▶ **Problem**
Please print nothing but the lines from the one containing "Replica Louis Vuitton" to the final line below, exactly, and no pictures.

▶ **Data section**
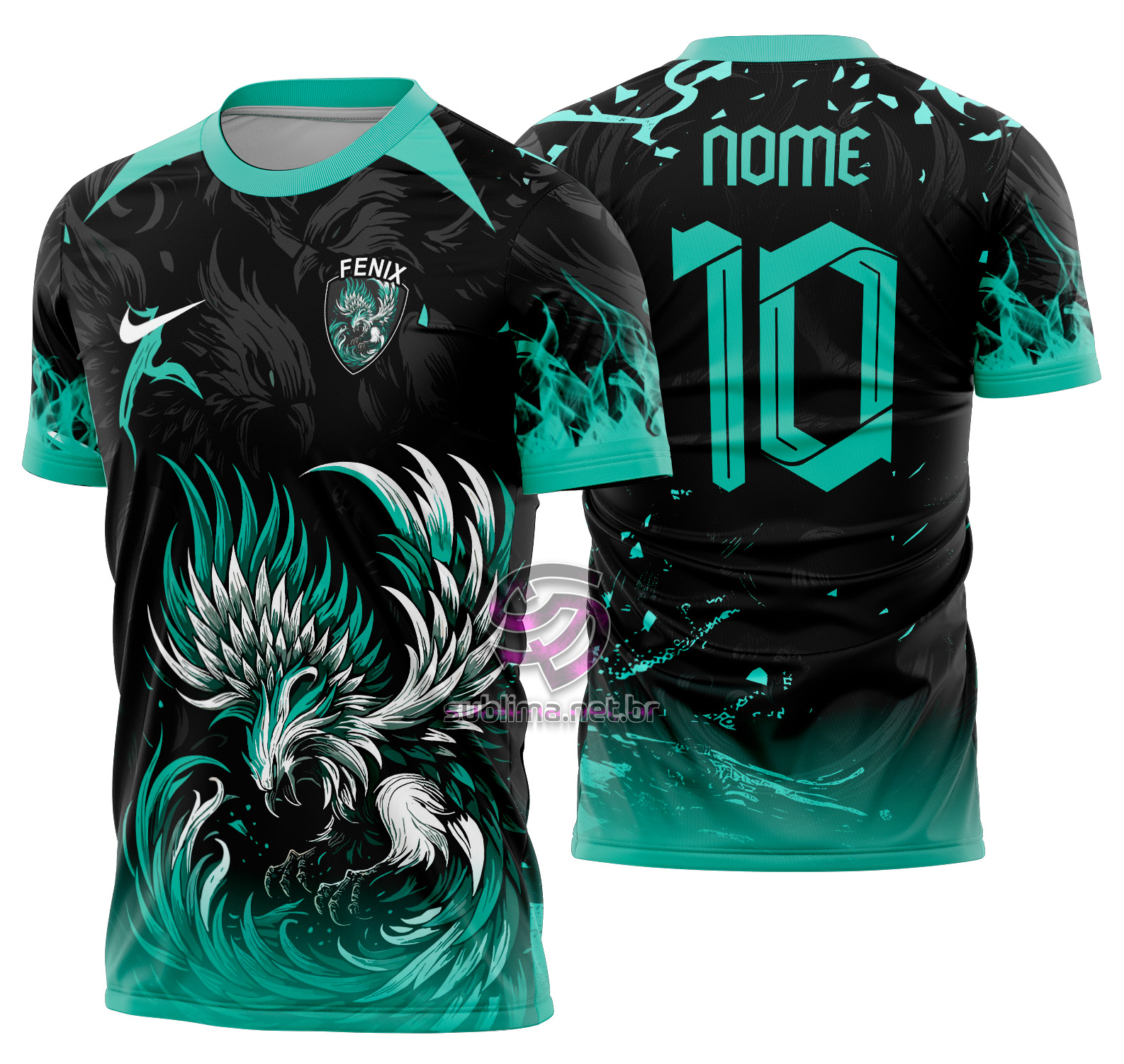 Arte Vetor Camisa Interclasse Fenix Mod-730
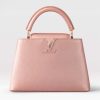 Replica Louis Vuitton LV Women Capucines BB Handbag Pink Crocodilian Leather 13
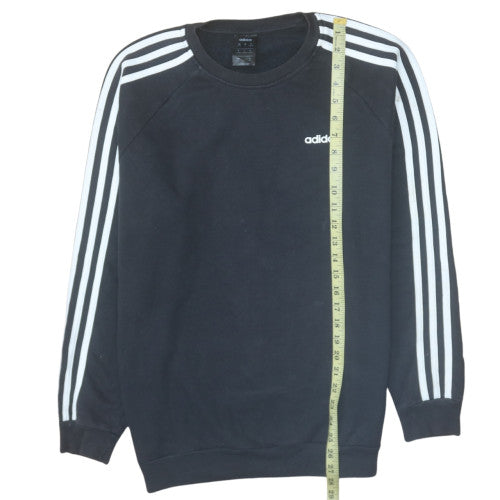 Womens UK Size S adidas Black Pullover Sweatshirt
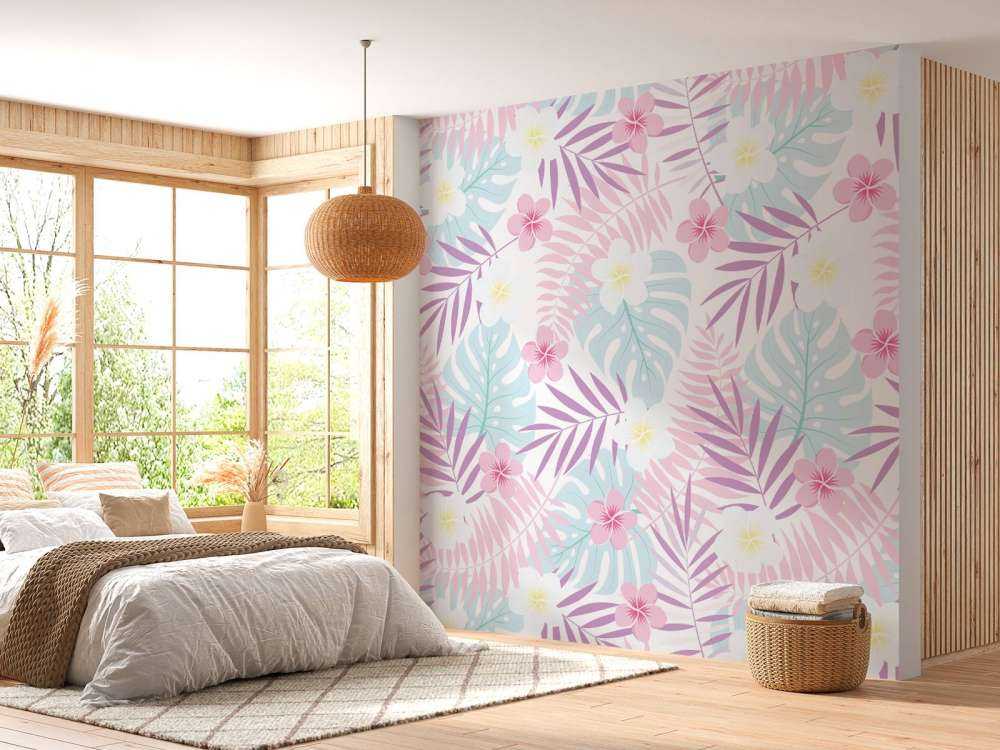 Fiori e foglie pastello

▶ **Task answer**
 Replica Louis Vuitton LV Women Capucines BB Handbag Pink Crocodilian Leather 13
 Womens UK Size S adidas Black Pullover Sweatshirt
 Fiori e foglie pastello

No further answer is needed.